Sort the First Few Characters of Strings

Approximate sorting works well for improving read performance. In the zone maps of VARCHAR columns, DuckDB stores just the first 8 bytes of the min and max string values. As a result, there is no need to sort more than the first 8 bytes (8 ASCII characters)!

This has an added benefit of faster sorting, as the runtime of DuckDB's radix sort algorithm is sensitive to the length of strings (by design!). The time complexity of the algorithm is O(nk), where n is the number of rows, and k is the width of the sorting key. Sorting by just the first few characters of a VARCHAR can be quicker and less compute intensive while achieving similar read performance. DuckDB's VARCHAR data type also inlines strings when they are under 12 bytes, so working with short strings is faster for that reason as well. For example:

CREATE OR REPLACE TABLE sorted_table AS
    FROM unsorted_table
    ORDER BY varchar_column_to_sort[:8];

DuckDB's friendly SQL allows bracket notation for string slicing!

Filter by More Columns

Adding filters to a WHERE clause can be helpful if those columns being filtered have any kind of approximate order. For example, instead of just filtering by customer_id, if the table is sorted by customer_type, include that in the query also. Often, if the customer_id is known at query time, it is possible to know other metadata as well.

Adjust the Row Group Size

One parameter that can be tuned for specific workloads is the number of rows within a row group (the ROW_GROUP_SIZE). If there are many unique values within a column being filtered on, then a smaller number of rows per row group could reduce the total number of rows that must be scanned. However, there is an overhead of checking metadata more often when row groups are smaller, so there is a tradeoff.
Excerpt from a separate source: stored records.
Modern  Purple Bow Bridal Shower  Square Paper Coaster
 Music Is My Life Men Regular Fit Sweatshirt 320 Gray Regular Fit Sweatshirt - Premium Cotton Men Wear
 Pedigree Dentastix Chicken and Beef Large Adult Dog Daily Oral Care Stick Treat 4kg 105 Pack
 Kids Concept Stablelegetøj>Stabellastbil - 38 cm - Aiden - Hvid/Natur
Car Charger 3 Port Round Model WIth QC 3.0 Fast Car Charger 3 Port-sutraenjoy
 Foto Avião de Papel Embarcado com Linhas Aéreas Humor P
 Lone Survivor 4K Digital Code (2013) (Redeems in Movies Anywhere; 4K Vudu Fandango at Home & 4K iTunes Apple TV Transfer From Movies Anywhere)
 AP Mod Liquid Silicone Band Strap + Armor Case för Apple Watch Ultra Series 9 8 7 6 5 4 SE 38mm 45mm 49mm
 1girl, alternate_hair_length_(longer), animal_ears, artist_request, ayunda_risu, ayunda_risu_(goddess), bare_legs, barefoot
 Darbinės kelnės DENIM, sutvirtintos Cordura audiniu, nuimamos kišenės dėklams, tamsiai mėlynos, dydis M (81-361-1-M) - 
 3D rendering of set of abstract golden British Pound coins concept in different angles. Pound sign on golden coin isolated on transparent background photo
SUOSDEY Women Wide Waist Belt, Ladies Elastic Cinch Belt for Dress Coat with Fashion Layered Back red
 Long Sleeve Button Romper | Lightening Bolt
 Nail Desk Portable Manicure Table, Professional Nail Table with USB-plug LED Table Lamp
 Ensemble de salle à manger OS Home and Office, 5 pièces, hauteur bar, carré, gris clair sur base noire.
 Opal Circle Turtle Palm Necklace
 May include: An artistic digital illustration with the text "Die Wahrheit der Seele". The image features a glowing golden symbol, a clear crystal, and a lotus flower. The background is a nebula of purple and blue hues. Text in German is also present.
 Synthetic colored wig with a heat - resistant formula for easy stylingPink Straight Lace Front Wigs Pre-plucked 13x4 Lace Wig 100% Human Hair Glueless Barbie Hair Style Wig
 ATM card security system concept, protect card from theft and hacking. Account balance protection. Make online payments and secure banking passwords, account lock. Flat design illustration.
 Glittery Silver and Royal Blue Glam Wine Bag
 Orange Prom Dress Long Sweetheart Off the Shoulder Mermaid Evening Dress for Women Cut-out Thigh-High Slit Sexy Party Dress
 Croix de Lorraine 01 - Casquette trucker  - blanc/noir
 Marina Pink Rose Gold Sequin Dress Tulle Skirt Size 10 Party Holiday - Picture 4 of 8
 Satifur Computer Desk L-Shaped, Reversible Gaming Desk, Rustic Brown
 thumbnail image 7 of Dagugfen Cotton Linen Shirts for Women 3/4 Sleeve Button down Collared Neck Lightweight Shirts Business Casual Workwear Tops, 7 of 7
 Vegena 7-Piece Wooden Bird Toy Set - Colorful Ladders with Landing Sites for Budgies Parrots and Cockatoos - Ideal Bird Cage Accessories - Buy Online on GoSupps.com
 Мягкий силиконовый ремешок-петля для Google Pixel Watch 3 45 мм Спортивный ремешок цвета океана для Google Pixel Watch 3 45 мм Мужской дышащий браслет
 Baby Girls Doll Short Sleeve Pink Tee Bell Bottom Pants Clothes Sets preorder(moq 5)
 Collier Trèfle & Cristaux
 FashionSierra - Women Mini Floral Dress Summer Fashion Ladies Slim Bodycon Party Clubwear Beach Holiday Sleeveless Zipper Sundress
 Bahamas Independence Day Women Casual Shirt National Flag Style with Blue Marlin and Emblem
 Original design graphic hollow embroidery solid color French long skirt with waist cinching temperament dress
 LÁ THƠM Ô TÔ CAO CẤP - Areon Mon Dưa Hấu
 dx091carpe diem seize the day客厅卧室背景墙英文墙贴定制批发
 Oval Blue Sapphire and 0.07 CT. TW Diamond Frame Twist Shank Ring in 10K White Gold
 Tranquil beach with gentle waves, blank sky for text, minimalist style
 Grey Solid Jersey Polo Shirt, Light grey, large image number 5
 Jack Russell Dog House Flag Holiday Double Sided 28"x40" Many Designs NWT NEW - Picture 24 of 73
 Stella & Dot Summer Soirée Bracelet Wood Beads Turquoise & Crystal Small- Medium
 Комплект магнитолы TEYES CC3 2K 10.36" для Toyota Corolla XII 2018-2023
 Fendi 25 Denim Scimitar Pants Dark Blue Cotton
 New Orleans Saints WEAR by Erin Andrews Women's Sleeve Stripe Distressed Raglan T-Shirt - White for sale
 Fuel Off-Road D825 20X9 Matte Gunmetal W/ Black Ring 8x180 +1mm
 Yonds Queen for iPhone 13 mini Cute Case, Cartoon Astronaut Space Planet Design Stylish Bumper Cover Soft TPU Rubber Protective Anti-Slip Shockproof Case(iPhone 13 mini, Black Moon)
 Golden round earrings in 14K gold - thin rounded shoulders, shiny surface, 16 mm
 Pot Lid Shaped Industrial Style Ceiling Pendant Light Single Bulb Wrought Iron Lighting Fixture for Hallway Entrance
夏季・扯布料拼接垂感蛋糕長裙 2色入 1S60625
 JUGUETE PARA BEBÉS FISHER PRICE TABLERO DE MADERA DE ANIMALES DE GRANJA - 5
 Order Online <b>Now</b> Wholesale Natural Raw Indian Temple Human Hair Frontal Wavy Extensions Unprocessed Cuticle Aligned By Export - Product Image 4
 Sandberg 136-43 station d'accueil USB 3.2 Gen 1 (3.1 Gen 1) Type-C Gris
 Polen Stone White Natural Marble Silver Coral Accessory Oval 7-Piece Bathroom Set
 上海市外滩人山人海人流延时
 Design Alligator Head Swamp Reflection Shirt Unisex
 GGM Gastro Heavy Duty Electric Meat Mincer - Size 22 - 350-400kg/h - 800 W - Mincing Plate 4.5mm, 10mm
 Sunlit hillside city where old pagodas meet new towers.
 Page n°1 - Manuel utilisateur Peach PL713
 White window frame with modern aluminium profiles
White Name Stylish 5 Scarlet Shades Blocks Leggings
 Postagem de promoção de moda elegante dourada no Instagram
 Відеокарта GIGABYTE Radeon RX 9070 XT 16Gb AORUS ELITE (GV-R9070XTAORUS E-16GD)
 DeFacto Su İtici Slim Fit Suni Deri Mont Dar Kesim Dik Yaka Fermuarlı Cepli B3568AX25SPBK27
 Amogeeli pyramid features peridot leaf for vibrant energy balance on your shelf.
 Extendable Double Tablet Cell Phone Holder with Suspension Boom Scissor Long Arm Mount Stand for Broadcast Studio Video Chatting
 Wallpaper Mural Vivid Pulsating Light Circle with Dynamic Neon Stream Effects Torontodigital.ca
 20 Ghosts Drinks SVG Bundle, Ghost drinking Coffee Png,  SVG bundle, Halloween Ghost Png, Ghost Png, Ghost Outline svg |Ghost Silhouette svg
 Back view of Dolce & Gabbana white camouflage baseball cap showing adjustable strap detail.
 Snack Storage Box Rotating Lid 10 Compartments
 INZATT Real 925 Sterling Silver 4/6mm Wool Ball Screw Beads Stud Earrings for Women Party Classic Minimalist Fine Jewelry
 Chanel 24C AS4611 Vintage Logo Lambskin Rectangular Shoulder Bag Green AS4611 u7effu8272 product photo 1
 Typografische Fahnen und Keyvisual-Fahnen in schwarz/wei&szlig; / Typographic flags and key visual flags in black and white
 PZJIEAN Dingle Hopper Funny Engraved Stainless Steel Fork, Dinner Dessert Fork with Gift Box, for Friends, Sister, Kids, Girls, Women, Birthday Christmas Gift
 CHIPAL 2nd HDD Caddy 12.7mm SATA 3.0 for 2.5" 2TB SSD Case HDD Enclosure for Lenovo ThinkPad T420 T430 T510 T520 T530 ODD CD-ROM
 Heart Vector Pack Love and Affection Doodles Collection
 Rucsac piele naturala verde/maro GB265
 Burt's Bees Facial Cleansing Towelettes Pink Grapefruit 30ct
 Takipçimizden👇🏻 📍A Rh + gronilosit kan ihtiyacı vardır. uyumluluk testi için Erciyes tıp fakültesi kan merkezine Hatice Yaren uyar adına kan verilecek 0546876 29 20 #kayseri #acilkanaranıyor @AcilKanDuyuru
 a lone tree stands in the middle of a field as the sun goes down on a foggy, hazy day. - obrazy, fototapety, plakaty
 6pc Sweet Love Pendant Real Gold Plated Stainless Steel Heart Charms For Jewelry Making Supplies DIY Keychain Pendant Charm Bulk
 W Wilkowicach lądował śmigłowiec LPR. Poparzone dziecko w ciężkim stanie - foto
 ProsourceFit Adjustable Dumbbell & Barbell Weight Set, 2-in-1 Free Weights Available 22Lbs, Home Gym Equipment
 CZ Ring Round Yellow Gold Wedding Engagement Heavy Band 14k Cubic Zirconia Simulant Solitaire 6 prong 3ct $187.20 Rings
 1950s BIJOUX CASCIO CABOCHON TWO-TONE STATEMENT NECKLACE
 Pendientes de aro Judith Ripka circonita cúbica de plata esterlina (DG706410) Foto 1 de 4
A larger row group size may actually be preferable if a table is particularly large and queries are very selective. For example, if querying a large fact table with years of history, but filtering to only the last week of data. Larger row group sizes reduce the number of metadata checks that are necessary to reach the recent data. However, each row group is larger, so there is a tradeoff there as well.

To adjust the row group size, pass in a parameter when attaching a database. Note that a row group size should be a power of 2. The minimum row group size is 2 048, the vector size of DuckDB.

ATTACH './smaller_row_groups.duckdb' (ROW_GROUP_SIZE 8192);

Sneak Peak of the Next Post in the Series

A subsequent post in this series will cover advanced sorting techniques. These can boost performance if multiple reader workloads with different filters are querying the same dataset. For example, what if I need to filter by US state for some queries, but by customer last name for others? Additionally, sorting by rounded time buckets (day, month, or year) and then by other columns can be helpful when only recent data is needed.

Microbenchmarks will show the 10x performance benefits that were mentioned at the start of this post! The post will also provide ways to measure how effectively a table is sorted along various columns.

Conclusion

Ordering data upon insert can significantly speed up read queries that include filters. Once your dataset becomes large or you are storing it remotely, consider applying these techniques. Plus, these approaches can be used in nearly any columnar file format or database!

Happy analyzing!